Policy Machinery for reconciliation¶

Feature Name: policy_machinery
Start Date: 2024-07-03
RFC PR: Kuadrant/architecture#95
Issue tracking: Kuadrant/architecture#29

Summary¶

Explain how Kuadrant's Policy Machinery can be used for reconciliation.

Motivation¶

The Policy Machinery project (repo, pkg.go) offers a set of types and functions for implementing Gateway API policies – i.e.

highly flexible representation of topologies of targetable resources;
calculating effective policies based on custom or default merge strategies;
tooling to watch and reconcile resources based on cluster events.

These can be used for tailoring implemention of Kuadrant policies and Kuadrant instances. See example provided.

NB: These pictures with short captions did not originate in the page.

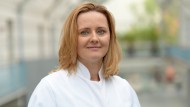 dr  Alexandra Becker is senior physician at the clinic for anesthesiology with a focus on surgical intensive care medicine at the Charité Campus Virchow Clinic.  She is also a transplant officer.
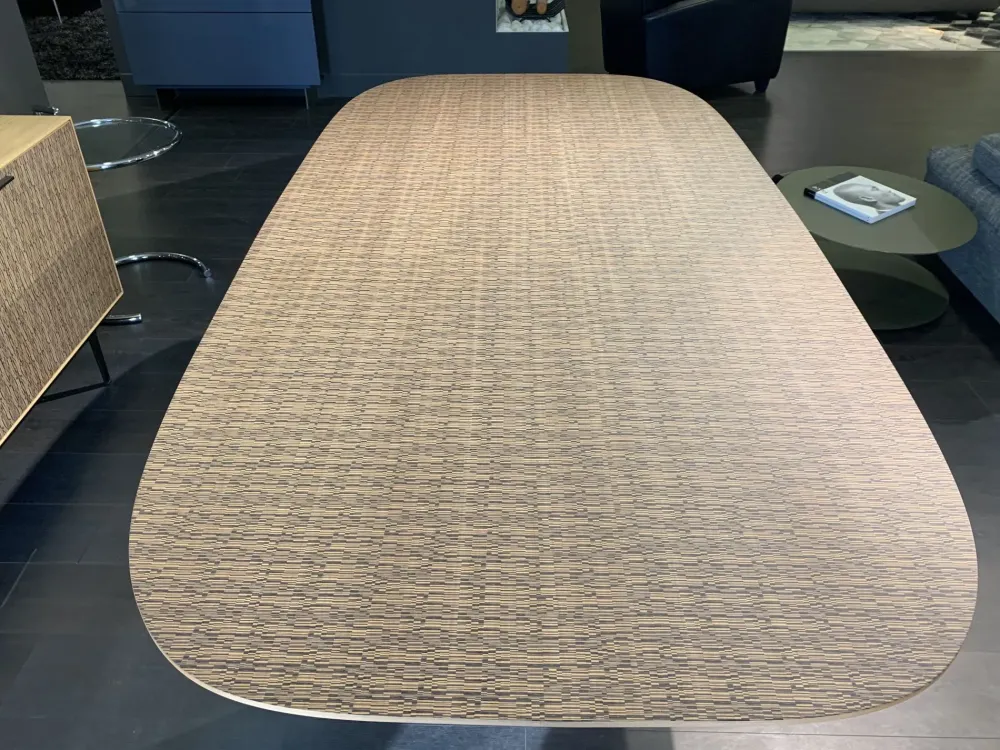 Tavolo con piano in legno sagomato di a PREZZO OUTLET^Sigerico Discount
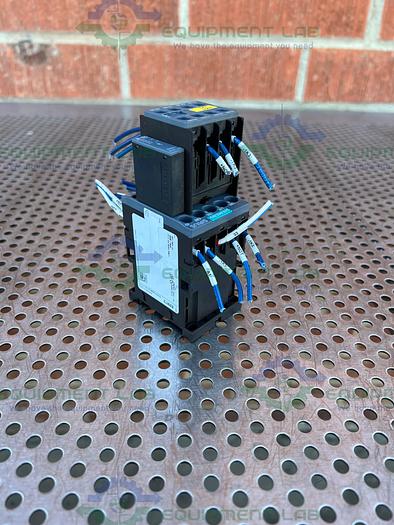 Used Siemens  3RH2131-1BB40 Contactor Relay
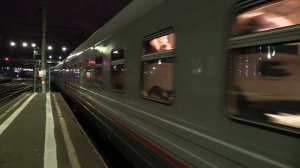Отправление с Московского вокзала поезда 27 СПб — Москва под электровозом ЧС6 (Full HD)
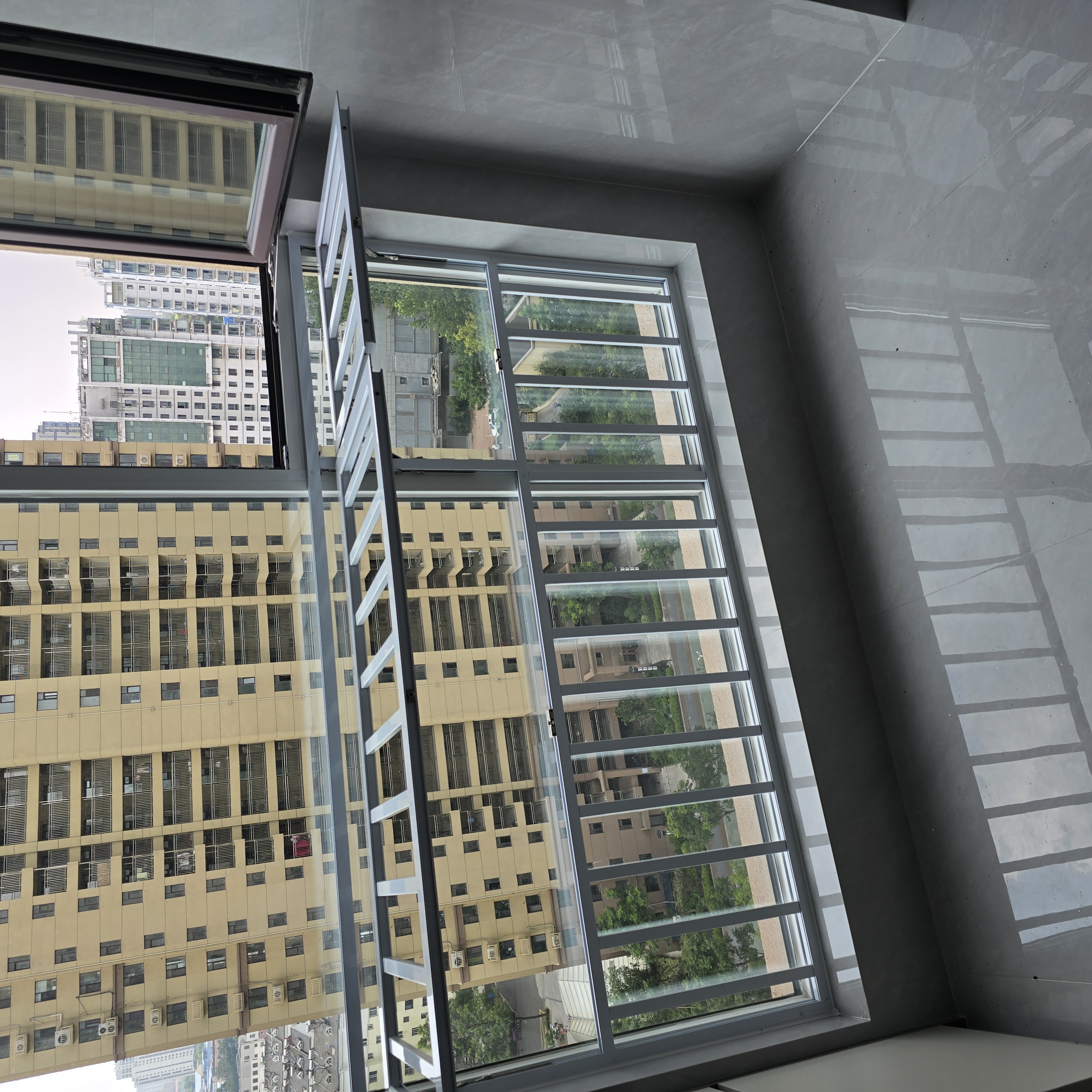 湖北3岁女童家门口坠亡家属起诉物业今日开庭父亲发声：妻子因自责精神出问题了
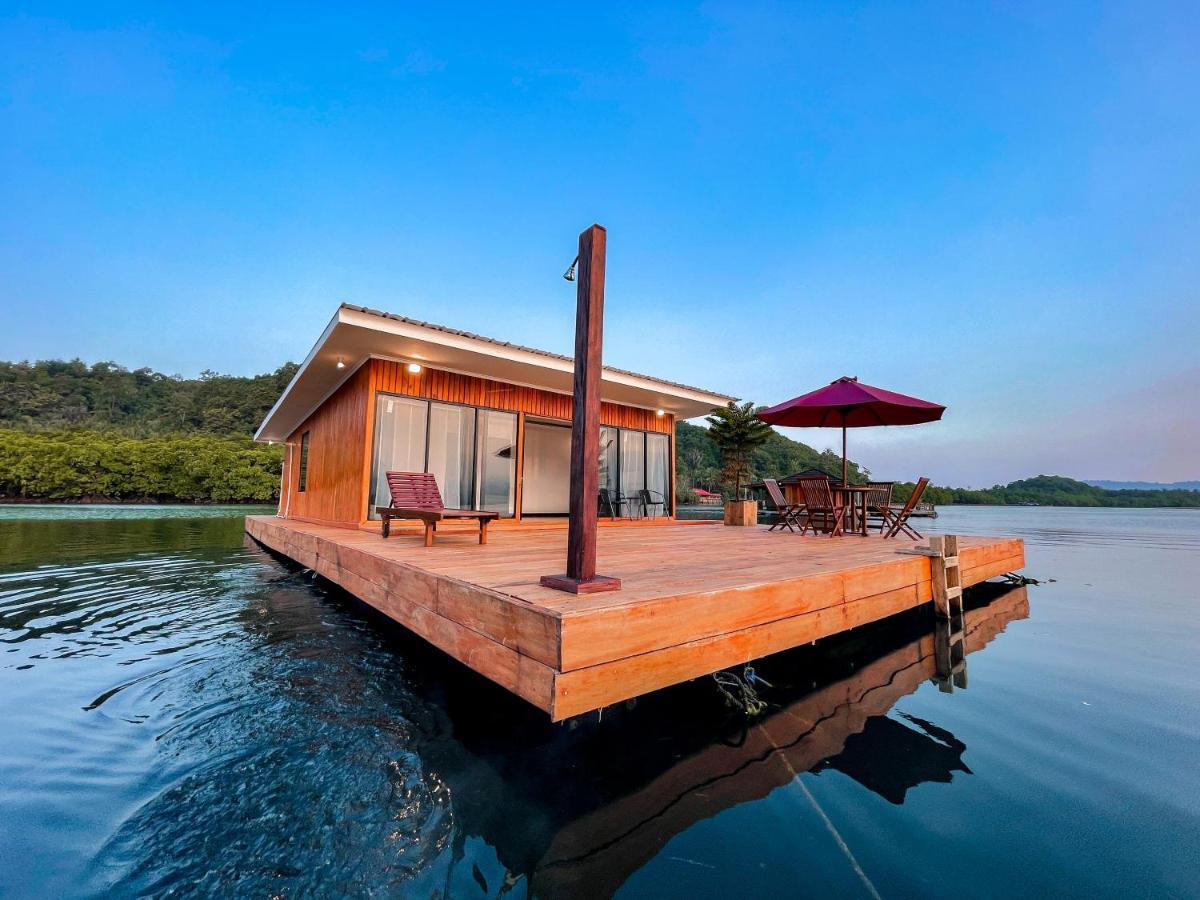 Andreas Resort Sukajaya Buitenkant foto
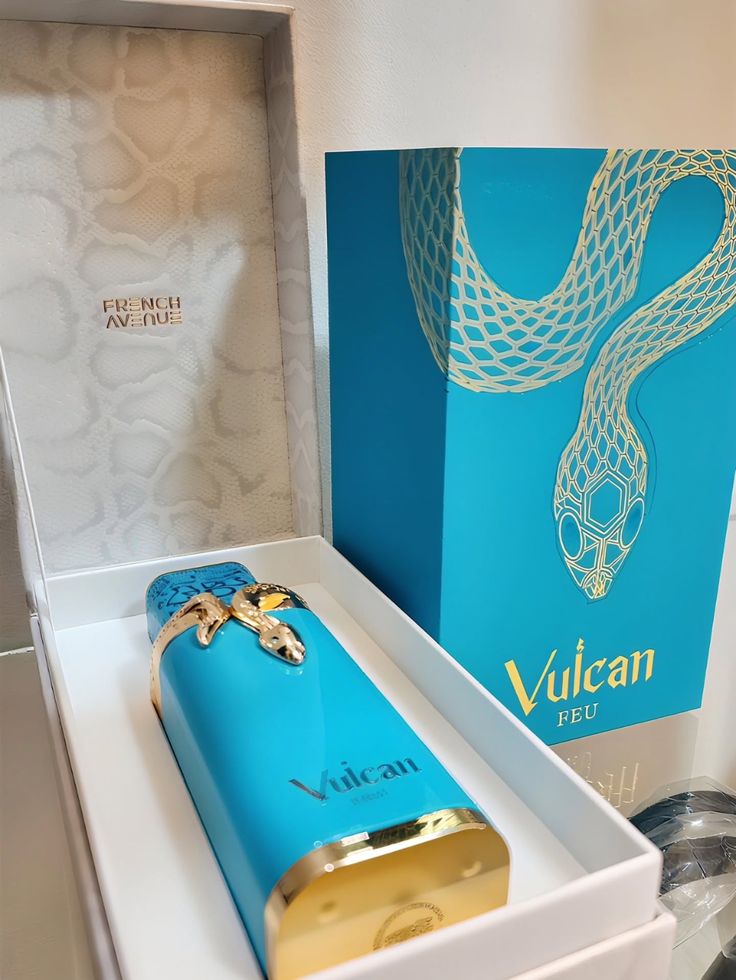 Perfume Vulcan Feu French Avenue EDP 100ml Compartilhável Floral Tropical Importado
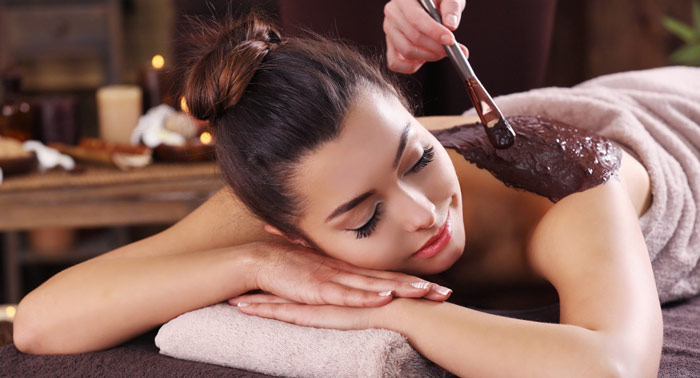 ¡Puro relax! Peeling corporal + Masaje con vinoterapia + Envoltura de Vino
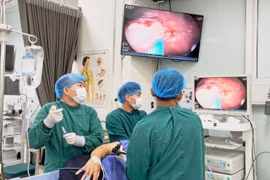 Hai người thoát đại phẫu nhờ tầm soát sớm tổn thương dạ dày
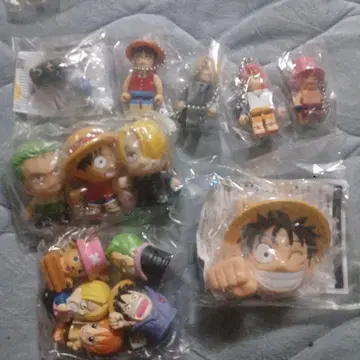 원피스 피규어 4체 세트와 여러 가지 세트
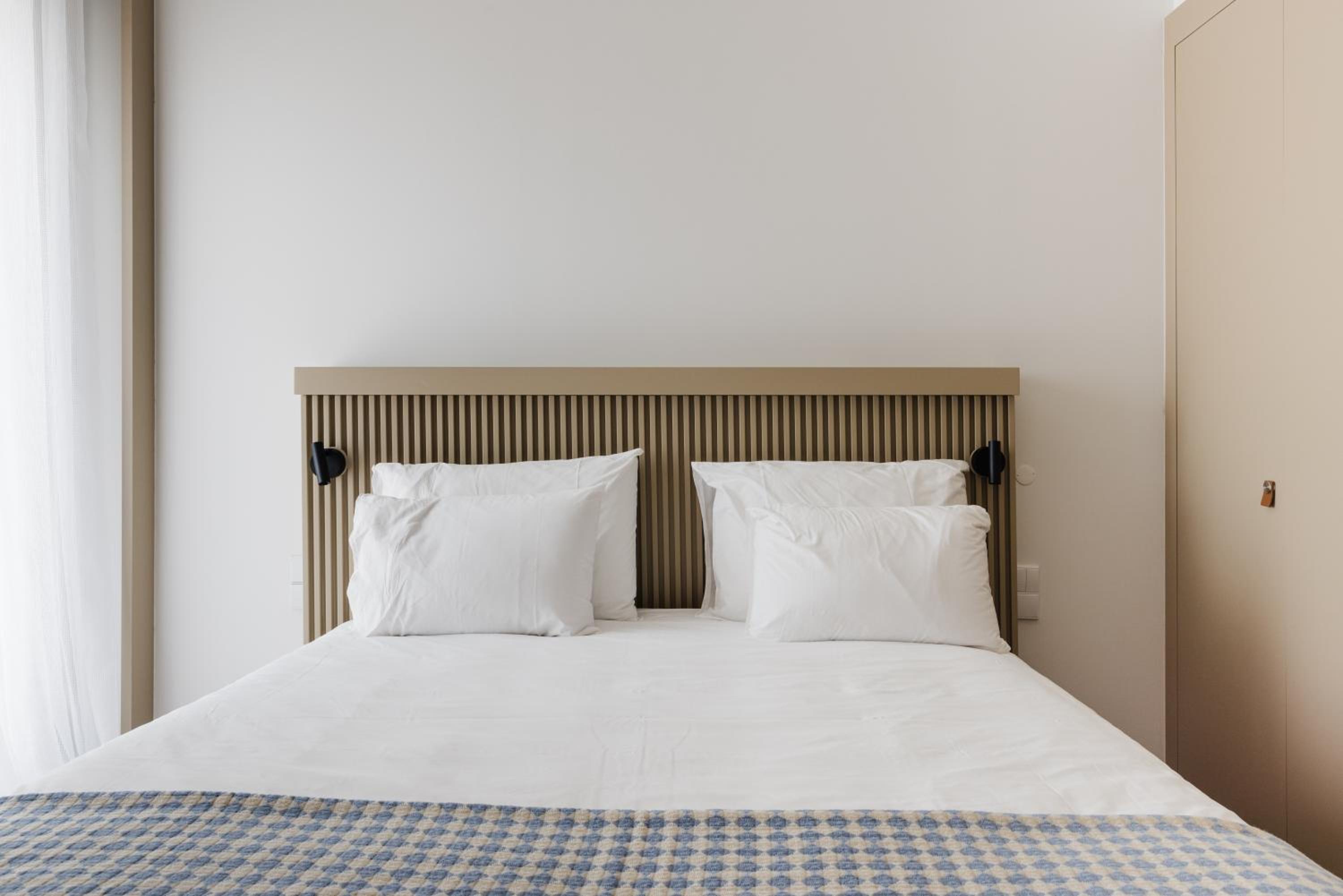 Small Double Room - Photo 2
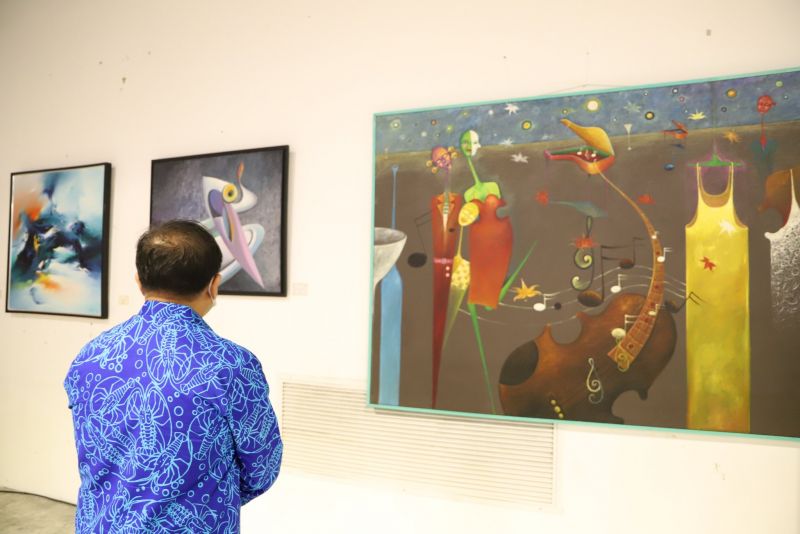 Выставка живописи к Дню Матери в Central Phuket Floresta. Фото: Муниципалитет Пхукет-Тауна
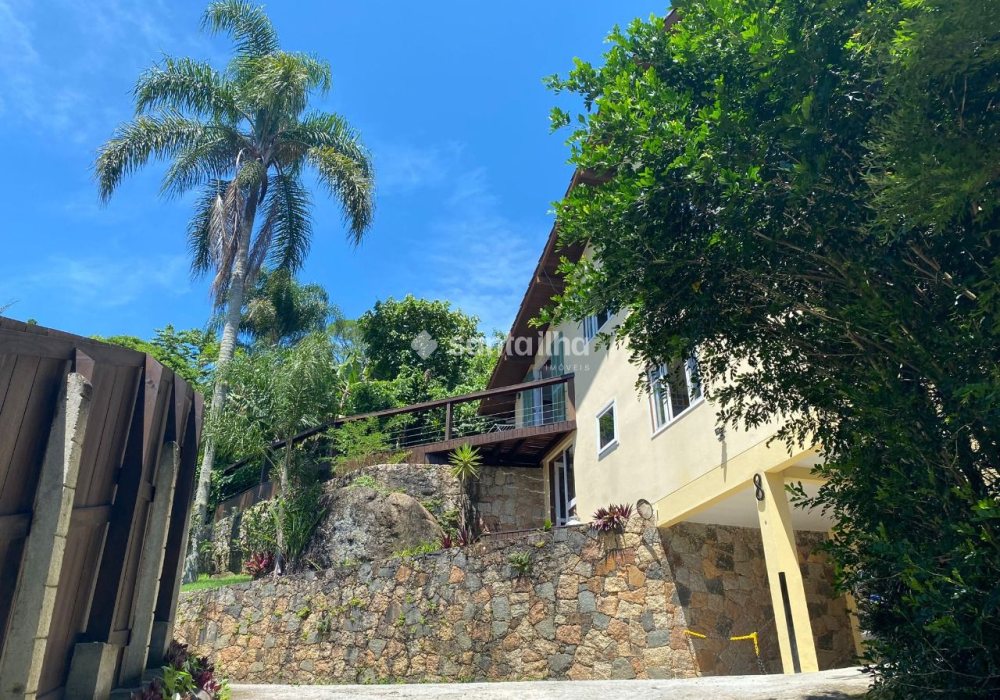 Casa à venda com 370m², 3 quartos, 1 suíte, 3 vagas no bairro Lagoa da Conceição em Florianópolis - Foto 1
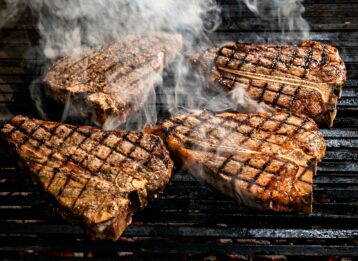 T-Bone-Steak richtig zubereiten: Erfahren Sie, wie Sie das Steak grillen, auf dem Gasgrill oder in der Pfanne braten und welche Kerntemperatur passt.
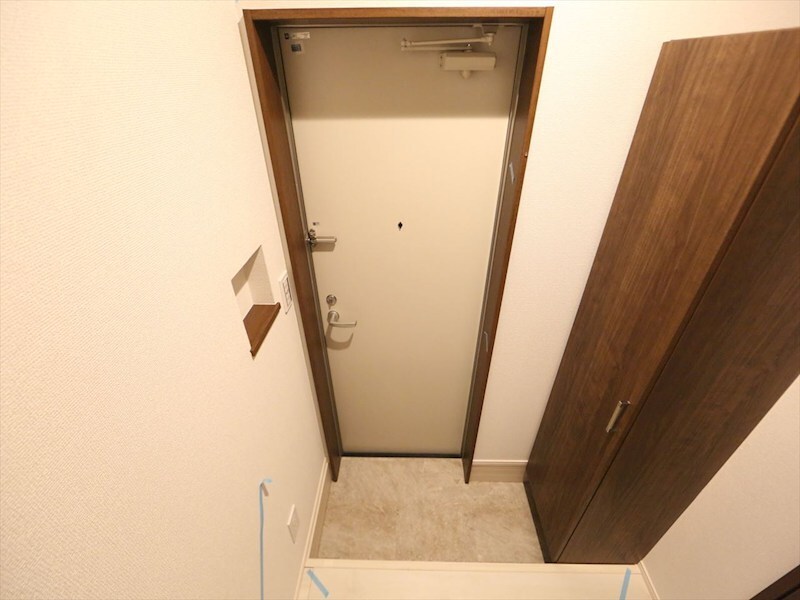 物件内観写真22　(玄関　シューズボックス付（収納充実してます）　同仕様写真)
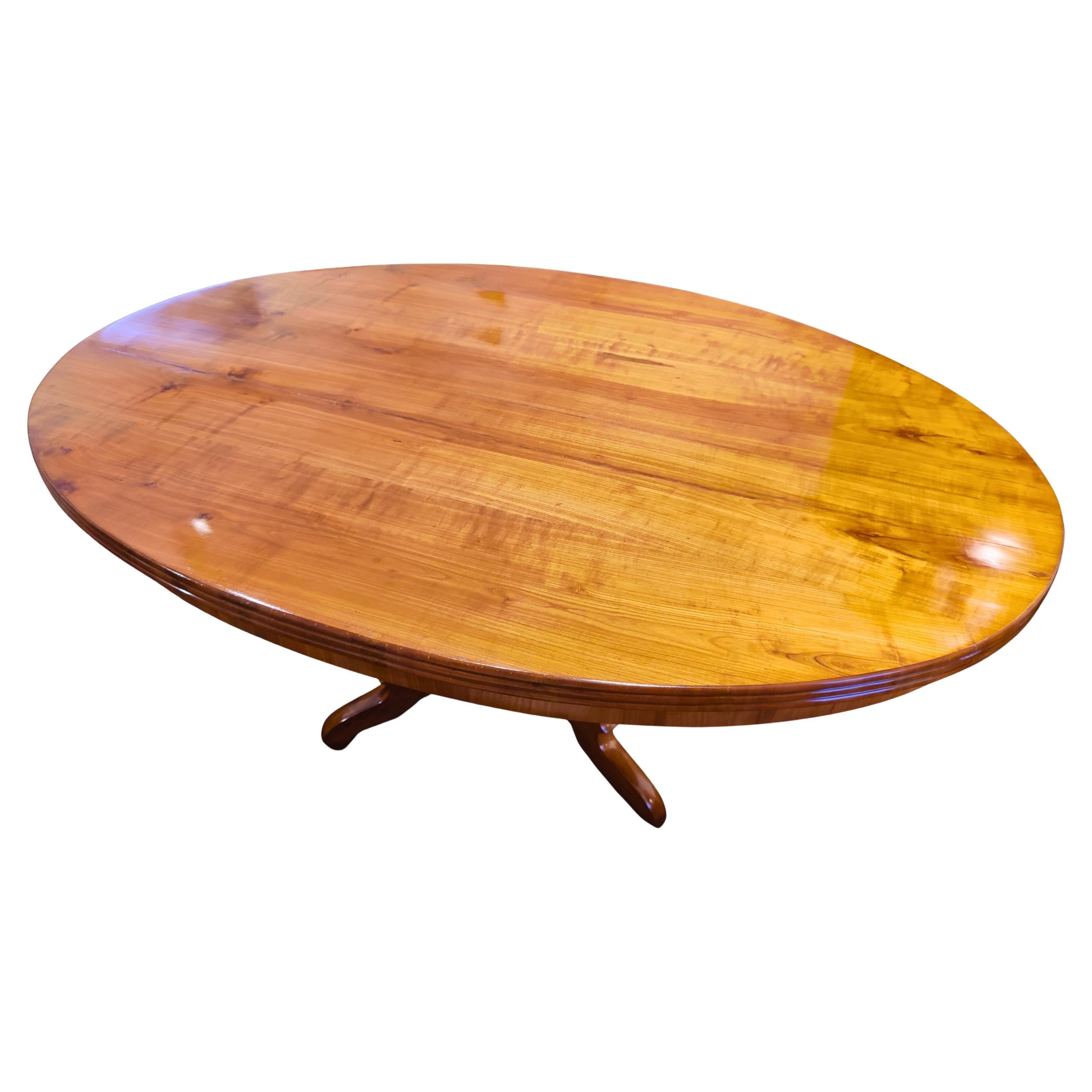 Mesa de comedor ovalada Biedermeier del siglo XIX en madera maciza de cerezo, hacia 1830 en venta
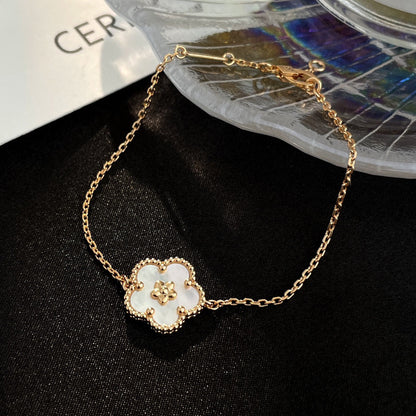 [Glow Jewelry]LUCKY WHITE MOP PLUM BLOSSOM  BRACELET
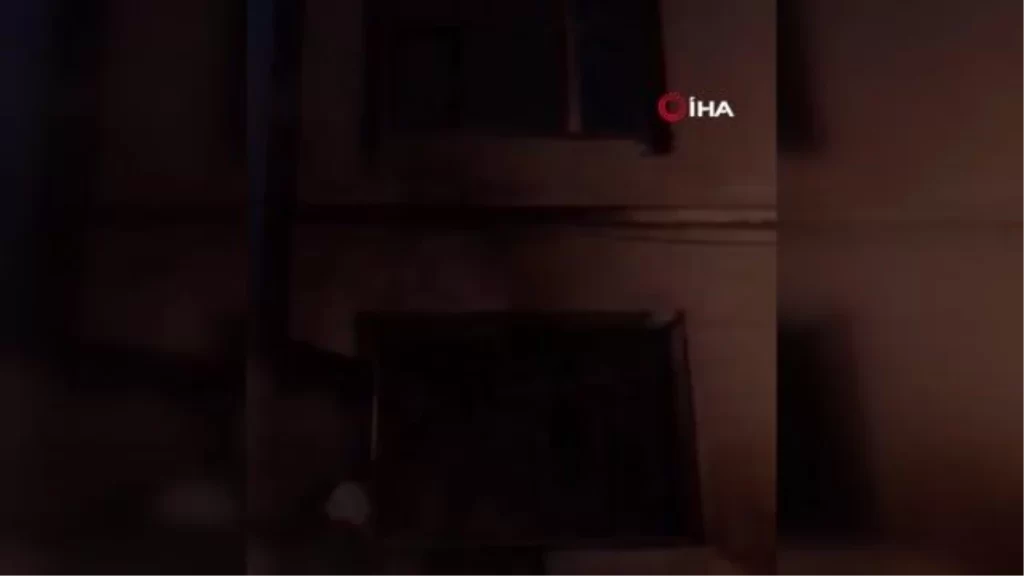 Bafra’da Otomobil Kundaklandı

Leveraging the Policy Machinery can be key to:

Improve flow control of concurrent reconciliation events
Simplification of the calculation of effective policies respectively to the topological routing path of the requests
Correct implementation of Defaults & Overrides' merge strategy (RFC 0009)
Supporting multiple policies targeting a same resource
Supporting targeting sections of a resource (e.g. Gateway listeners, HTTPRouteRules)
Supporting multiple targetRefs in a policy
Extending policies to target other kinds of resources (e.g. GatewayClass, Service, Namespace) -– future

Guide-level explanation¶

Although essentially an implementation detail of the Kuadrant Operator, levering the Policy Machinery may introduce the following user-perceived features:

Acknowledgement of the topological routing path of the request respectively to applicable effective policies
New form of targeting sections of a resource with a policy
Elevated meaning of uniquely identifiable concepts across policy resources (e.g. named policy rules)
Possibility of multiple policies of a kind targeting a same resource
(Window of opportunity for) introducing plural targetRefs

User-acknowledgeable reference of the topological routing path of the request¶

One who specifies Kuadrant policies targeting resources at any levels of the hierarchy Gateway → Listener → HTTPRoute → HTTPRouteRule¹ shall expect the effect of such policies to be reported always respectively to the lowest level of the hierarchy that the kind of policy allows targeting. E.g.:

A DNSPolicy that allows targeting a Gateway hypothetically with or without specifying a sectionName actually targets gateway listeners; the user wants to reason about the state of DNSPolicies regarding their effect on each listeners specified in the Gateway. In a context with 2+ DNSPolicies, simultaneously targeting both a Gateway and specific listeners, DNS records for some listener hostnames may have been reconciled according to the specification from one policy or another, occasionally no policy at all.
A RateLimitPolicy that allows targeting a Gateway, a HTTPRoute or specific HTTPRouteRule actually targets (directly or indirectly) HTTPRouteRule objects; the user wants to reason about the state of all RateLimitPolicies with respect to each HTTPRouteRule, where some HTTPRouteRules may be protected by one RateLimitPolicy, a combination of multiple RateLimitPolicies, or occasionally no RateLimitPolicy at all.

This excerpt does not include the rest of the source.